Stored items
==============================

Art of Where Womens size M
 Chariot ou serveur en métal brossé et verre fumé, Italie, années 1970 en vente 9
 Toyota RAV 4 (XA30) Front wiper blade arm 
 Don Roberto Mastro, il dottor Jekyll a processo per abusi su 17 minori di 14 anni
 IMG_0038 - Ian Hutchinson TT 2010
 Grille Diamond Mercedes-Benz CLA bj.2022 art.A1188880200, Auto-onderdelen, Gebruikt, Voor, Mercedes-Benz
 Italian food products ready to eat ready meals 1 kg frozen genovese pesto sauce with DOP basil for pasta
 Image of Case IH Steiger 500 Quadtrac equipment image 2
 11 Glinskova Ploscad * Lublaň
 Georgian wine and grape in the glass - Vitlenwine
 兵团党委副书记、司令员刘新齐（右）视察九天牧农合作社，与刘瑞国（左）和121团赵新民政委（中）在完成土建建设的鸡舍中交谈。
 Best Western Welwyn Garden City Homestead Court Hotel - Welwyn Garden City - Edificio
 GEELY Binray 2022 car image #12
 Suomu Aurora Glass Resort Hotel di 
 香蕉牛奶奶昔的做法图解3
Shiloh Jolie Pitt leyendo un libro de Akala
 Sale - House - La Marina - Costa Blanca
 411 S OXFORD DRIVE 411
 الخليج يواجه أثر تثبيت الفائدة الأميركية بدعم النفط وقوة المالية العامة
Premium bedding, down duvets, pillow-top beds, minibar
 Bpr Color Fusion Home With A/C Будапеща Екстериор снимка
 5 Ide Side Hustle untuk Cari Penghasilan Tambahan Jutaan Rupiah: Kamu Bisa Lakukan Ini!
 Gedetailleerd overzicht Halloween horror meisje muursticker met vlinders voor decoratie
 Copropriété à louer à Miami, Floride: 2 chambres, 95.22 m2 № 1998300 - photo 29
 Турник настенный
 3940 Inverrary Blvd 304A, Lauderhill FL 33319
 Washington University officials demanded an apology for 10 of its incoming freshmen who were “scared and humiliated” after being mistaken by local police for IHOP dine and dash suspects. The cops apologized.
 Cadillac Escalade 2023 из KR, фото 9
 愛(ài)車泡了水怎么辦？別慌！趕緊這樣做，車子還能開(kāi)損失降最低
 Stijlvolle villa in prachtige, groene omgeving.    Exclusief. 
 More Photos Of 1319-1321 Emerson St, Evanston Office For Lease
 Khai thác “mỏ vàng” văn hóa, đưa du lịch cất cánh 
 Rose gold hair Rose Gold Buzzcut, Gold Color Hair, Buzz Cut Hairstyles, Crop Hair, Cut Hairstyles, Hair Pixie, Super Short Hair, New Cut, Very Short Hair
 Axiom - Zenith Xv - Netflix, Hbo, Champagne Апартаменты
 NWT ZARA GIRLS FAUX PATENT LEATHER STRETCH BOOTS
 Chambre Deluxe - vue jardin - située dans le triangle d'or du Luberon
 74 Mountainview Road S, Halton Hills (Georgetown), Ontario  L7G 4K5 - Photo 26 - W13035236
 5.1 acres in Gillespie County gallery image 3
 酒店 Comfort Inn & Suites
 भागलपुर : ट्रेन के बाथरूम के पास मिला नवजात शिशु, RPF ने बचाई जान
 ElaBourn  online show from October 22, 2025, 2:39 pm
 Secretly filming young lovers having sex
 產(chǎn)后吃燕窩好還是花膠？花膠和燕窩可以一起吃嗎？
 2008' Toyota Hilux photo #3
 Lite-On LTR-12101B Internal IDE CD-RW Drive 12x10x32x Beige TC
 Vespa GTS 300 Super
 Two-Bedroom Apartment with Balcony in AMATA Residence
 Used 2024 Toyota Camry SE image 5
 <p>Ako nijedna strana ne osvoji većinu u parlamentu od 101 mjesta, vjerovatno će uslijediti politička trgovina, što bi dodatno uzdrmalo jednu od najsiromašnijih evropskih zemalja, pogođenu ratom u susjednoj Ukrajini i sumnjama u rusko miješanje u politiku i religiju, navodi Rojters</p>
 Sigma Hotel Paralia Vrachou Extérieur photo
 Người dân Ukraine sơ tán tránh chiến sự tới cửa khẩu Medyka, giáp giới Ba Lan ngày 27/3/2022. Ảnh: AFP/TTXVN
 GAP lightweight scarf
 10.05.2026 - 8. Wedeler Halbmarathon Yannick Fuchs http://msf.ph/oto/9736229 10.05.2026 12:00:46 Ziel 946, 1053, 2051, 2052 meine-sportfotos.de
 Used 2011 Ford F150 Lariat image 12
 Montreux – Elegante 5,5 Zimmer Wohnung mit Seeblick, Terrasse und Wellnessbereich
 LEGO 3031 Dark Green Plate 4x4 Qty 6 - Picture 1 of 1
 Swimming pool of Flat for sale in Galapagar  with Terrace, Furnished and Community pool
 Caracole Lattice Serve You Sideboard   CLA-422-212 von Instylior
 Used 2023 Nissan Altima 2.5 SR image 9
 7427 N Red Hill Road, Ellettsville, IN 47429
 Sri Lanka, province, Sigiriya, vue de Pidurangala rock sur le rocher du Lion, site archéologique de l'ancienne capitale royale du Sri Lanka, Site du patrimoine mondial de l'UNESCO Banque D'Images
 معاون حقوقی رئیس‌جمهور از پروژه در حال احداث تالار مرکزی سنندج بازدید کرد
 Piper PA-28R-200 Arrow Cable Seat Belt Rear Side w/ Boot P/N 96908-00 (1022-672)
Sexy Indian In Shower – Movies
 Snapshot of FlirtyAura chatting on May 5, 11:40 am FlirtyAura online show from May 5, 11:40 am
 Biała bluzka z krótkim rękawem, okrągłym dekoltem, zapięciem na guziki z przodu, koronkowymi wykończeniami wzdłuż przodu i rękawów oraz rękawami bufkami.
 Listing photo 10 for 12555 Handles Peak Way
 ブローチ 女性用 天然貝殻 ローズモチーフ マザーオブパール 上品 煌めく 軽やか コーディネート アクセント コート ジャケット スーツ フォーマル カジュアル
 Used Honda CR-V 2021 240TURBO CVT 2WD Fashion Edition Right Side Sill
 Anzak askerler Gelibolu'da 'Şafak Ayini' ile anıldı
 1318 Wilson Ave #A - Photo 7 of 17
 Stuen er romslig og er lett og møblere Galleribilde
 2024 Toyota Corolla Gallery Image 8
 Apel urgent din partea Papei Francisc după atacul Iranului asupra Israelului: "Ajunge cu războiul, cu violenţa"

==============================

Work task: Repeat the entries above verbatim, but only from the line that has "IMG_0038 - Ian Hutchinson TT 2010" down to the line that has "lịch cất cánh", inclusive.

Reply to the exercise:
 IMG_0038 - Ian Hutchinson TT 2010
 Grille Diamond Mercedes-Benz CLA bj.2022 art.A1188880200, Auto-onderdelen, Gebruikt, Voor, Mercedes-Benz
 Italian food products ready to eat ready meals 1 kg frozen genovese pesto sauce with DOP basil for pasta
 Image of Case IH Steiger 500 Quadtrac equipment image 2
 11 Glinskova Ploscad * Lublaň
 Georgian wine and grape in the glass - Vitlenwine
 兵团党委副书记、司令员刘新齐（右）视察九天牧农合作社，与刘瑞国（左）和121团赵新民政委（中）在完成土建建设的鸡舍中交谈。
 Best Western Welwyn Garden City Homestead Court Hotel - Welwyn Garden City - Edificio
 GEELY Binray 2022 car image #12
 Suomu Aurora Glass Resort Hotel di 
 香蕉牛奶奶昔的做法图解3
Shiloh Jolie Pitt leyendo un libro de Akala
 Sale - House - La Marina - Costa Blanca
 411 S OXFORD DRIVE 411
 الخليج يواجه أثر تثبيت الفائدة الأميركية بدعم النفط وقوة المالية العامة
Premium bedding, down duvets, pillow-top beds, minibar
 Bpr Color Fusion Home With A/C Будапеща Екстериор снимка
 5 Ide Side Hustle untuk Cari Penghasilan Tambahan Jutaan Rupiah: Kamu Bisa Lakukan Ini!
 Gedetailleerd overzicht Halloween horror meisje muursticker met vlinders voor decoratie
 Copropriété à louer à Miami, Floride: 2 chambres, 95.22 m2 № 1998300 - photo 29
 Турник настенный
 3940 Inverrary Blvd 304A, Lauderhill FL 33319
 Washington University officials demanded an apology for 10 of its incoming freshmen who were “scared and humiliated” after being mistaken by local police for IHOP dine and dash suspects. The cops apologized.
 Cadillac Escalade 2023 из KR, фото 9
 愛(ài)車泡了水怎么辦？別慌！趕緊這樣做，車子還能開(kāi)損失降最低
 Stijlvolle villa in prachtige, groene omgeving.    Exclusief. 
 More Photos Of 1319-1321 Emerson St, Evanston Office For Lease
 Khai thác “mỏ vàng” văn hóa, đưa du lịch cất cánh 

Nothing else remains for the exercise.